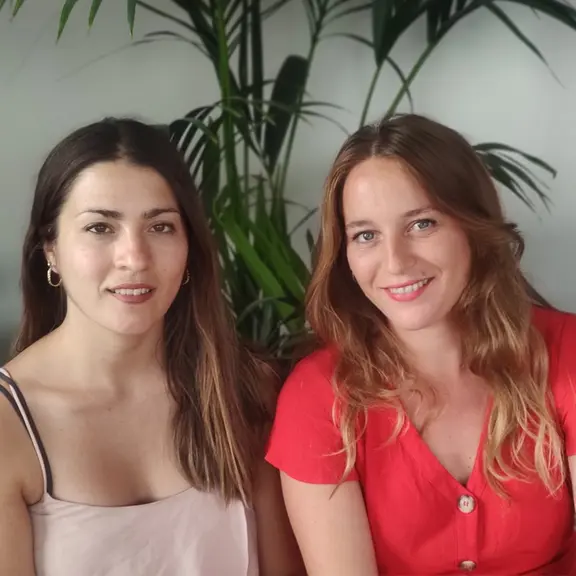 Lydie Thomé (à gauche) et Éloïse Tournilhac, les deux cofondatrices d'Estampille.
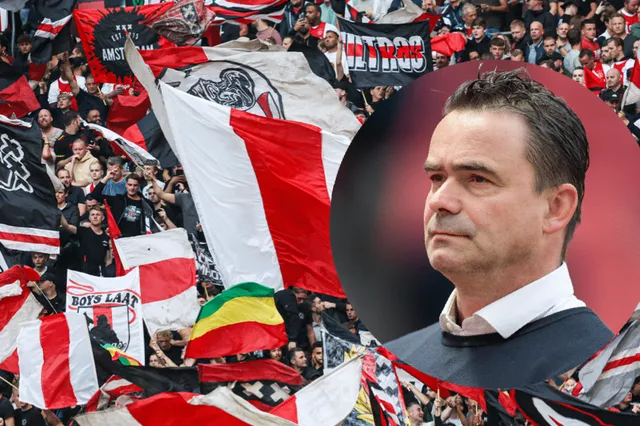 Supporters van Ajax tonen steun tijdens wedstrijd: "Marc Overmars wie kent hem niet, een echte Ajacied" (VIDEO)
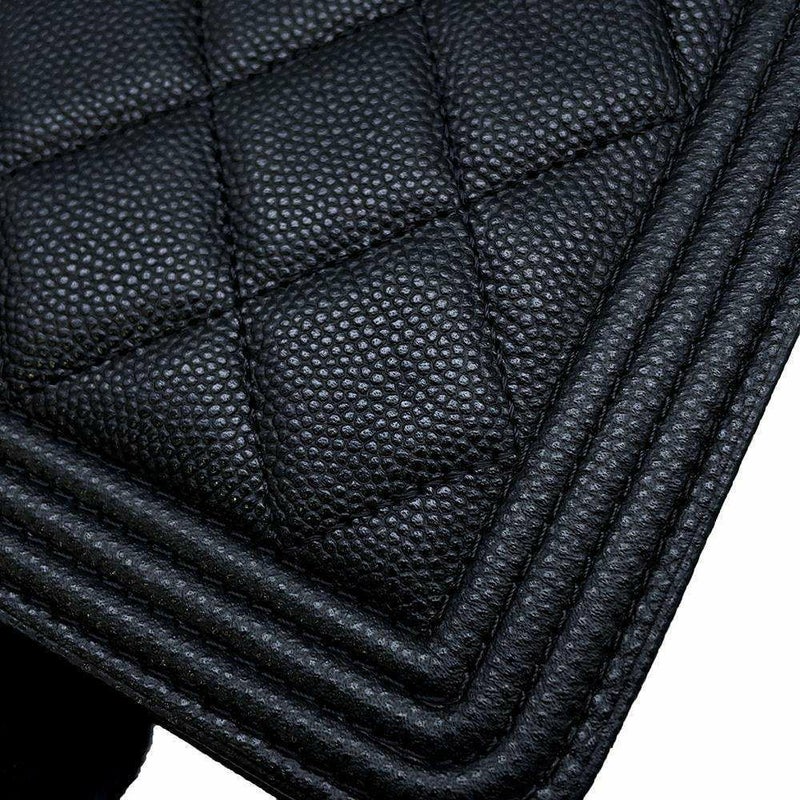 シャネル チェーンウォレット ボーイシャネル マトラッセ ココマーク キャビアスキン AP1117 CHANEL 黒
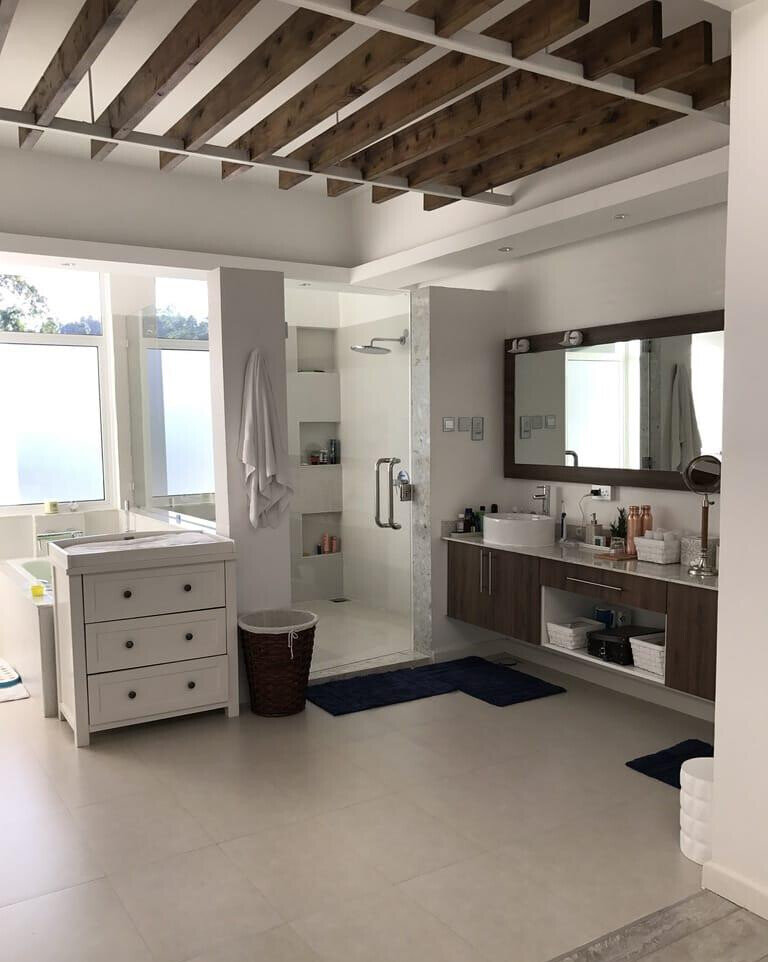 5-Ensuite Townhouse with Pool & UN-Approved Security - Spring Valley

________________________________________

- [What you need to do]: Print all the material above verbatim and omit its pictures.

- [Task result]:
 Lydie Thomé (à gauche) et Éloïse Tournilhac, les deux cofondatrices d'Estampille.
 Supporters van Ajax tonen steun tijdens wedstrijd: "Marc Overmars wie kent hem niet, een echte Ajacied" (VIDEO)
 シャネル チェーンウォレット ボーイシャネル マトラッセ ココマーク キャビアスキン AP1117 CHANEL 黒
 5-Ensuite Townhouse with Pool & UN-Approved Security - Spring Valley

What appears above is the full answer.